Re: Buzzbang crawler and search release 0.0.2 now available

I have a slight preference for Shex personally but the most official in W3C
terms is Shacl.  Anyone else have a view?

On 20 Oct 2017 20:08, "Justin Clark-Casey" <justinccdev@gmail.com> wrote:

> Thanks Dan.  Yes, I need to look into SHACL/SHEX - I only have a passing
> acquaintance with them at the moment.  Would you recommend either one over
> the other?
>
> Regards,
>
> -- Justin
>
> On Thu, Oct 19, 2017 at 3:20 PM, Dan Brickley <danbri@danbri.org> wrote:
>
>> This sounds great! It would be interesting to try to write down the
>> specific data patterns you're extracting, by using W3C SHACL or SHEX shape
>> markup. I will be attempting the same for Google...
>>
>> Dan
>>
>> On 19 Oct 2017 12:37, "Justin Clark-Casey" <justinccdev@gmail.com> wrote:
>>
>>> Hi all,
>>>
>>> Following on from the Bioschemas adoption meeting, I'm continuing to
>>> work on the extremely alpha Buzzbang Bioschemas crawler and frontend when I
>>> can (renamed from BsBang, after Alistair pointed out the connotations of
>>> 'bs' :)).
>>>
>>> You can play with the current search engine by going to
>>> http://buzzbang.science
>>>
>>> In this release, I decided to concentrate on indexing DataCatalog (this
>>> is extremely primitive as of yet, only recording the name, url, description
>>> and keywords properties).  If you go to buzzbang.science and search for
>>> terms such as 'data' or 'registry' you'll get some results.
>>>
>>> Currently, I'm manually adding URLs - you can see the small list at [1].
>>> I added those that have DataCatalog JSON+LD embedded that I had in my
>>> notes, such as identifiers.org and fairsharing.org.

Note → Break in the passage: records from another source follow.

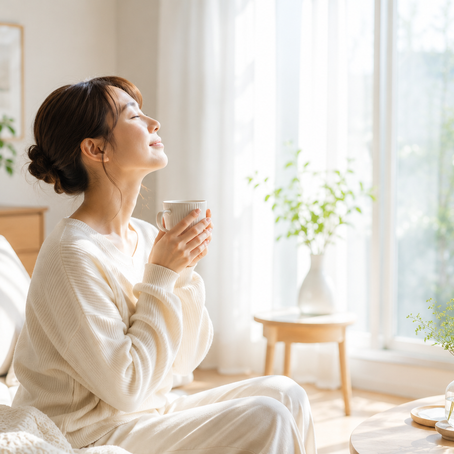 「なんかずっと疲れてる」を軽くする生活習慣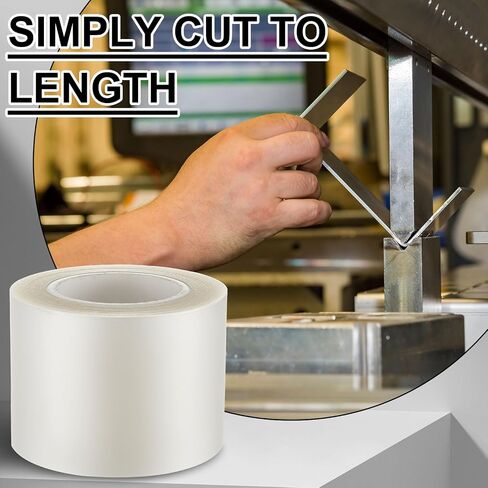Press Brake Urethane Die Protection Film (4" X. 012" X 100') in Saudi Arabia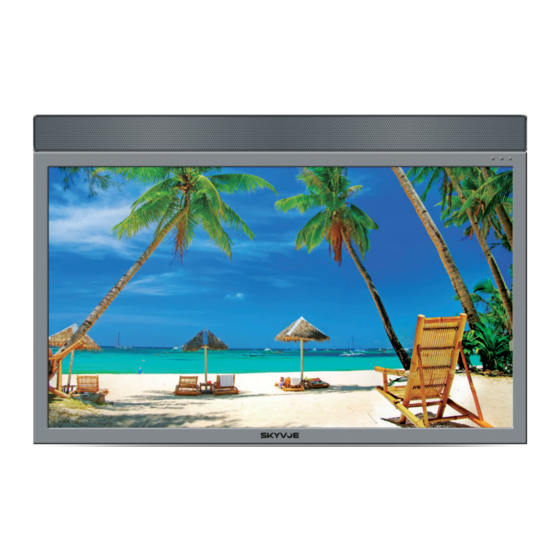 skyvoe NXG-6550-DS Owner's Manual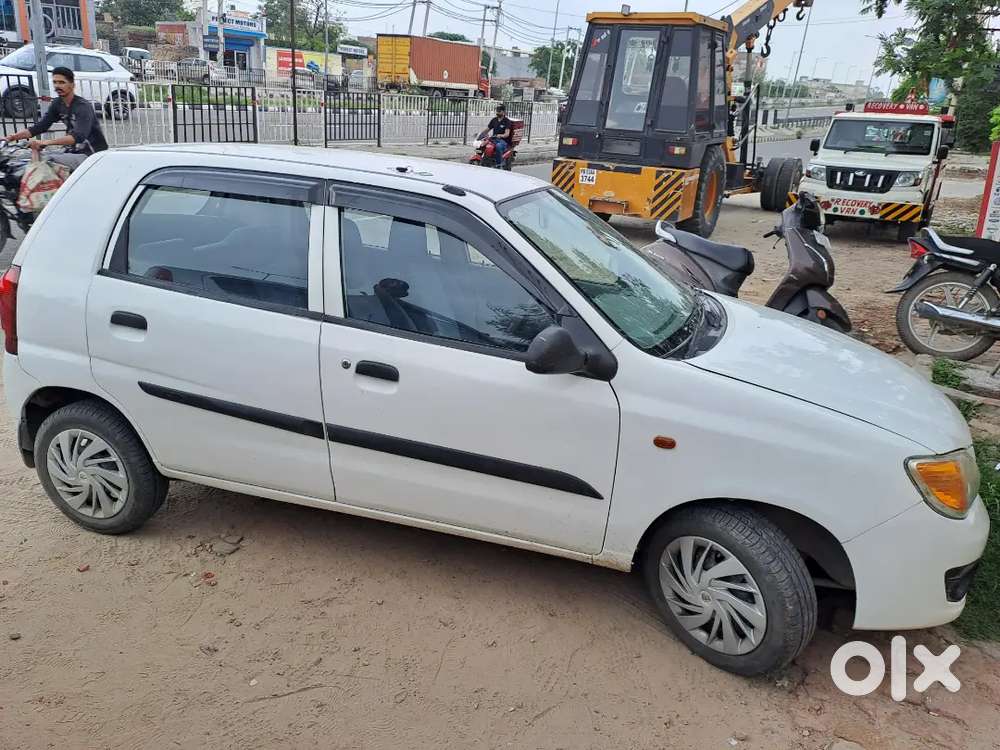 Maruti Suzuki Alto 2012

Down the road,
>>> users will be able to submit URLs for crawling directly on the website, but
>>> for now, please contact me, raise a Github issue [2] or submit a pull
>>> request if there's an URL I can add.
>>>
>>> Next, I plan to crawl the rest of DataCatalog, esp. embedded DataSets
>>> and think about how that information can help improve simple search.
>>>
>>> All feature suggestions or pull requests welcome on the Github crawler
>>> [2] and search frontend [3] projects.
>>>
>>> [1] https://github.com/justinccdev/bsbang-crawler/blob/master/co
>>> nf/default-targets.txt
>>> [2] https://github.com/justinccdev/bsbang-crawler
>>> [3] https://github.com/justinccdev/bsbang-frontend
>>>
>>> Cheers,
>>>
>>> --
>>> Justin Clark-Casey (@justincc)
>>> Research Software Architect
>>> Micklem Lab, University of Cambridge
>>>
>>
>

Received on Friday, 20 October 2017 21:10:31 UTC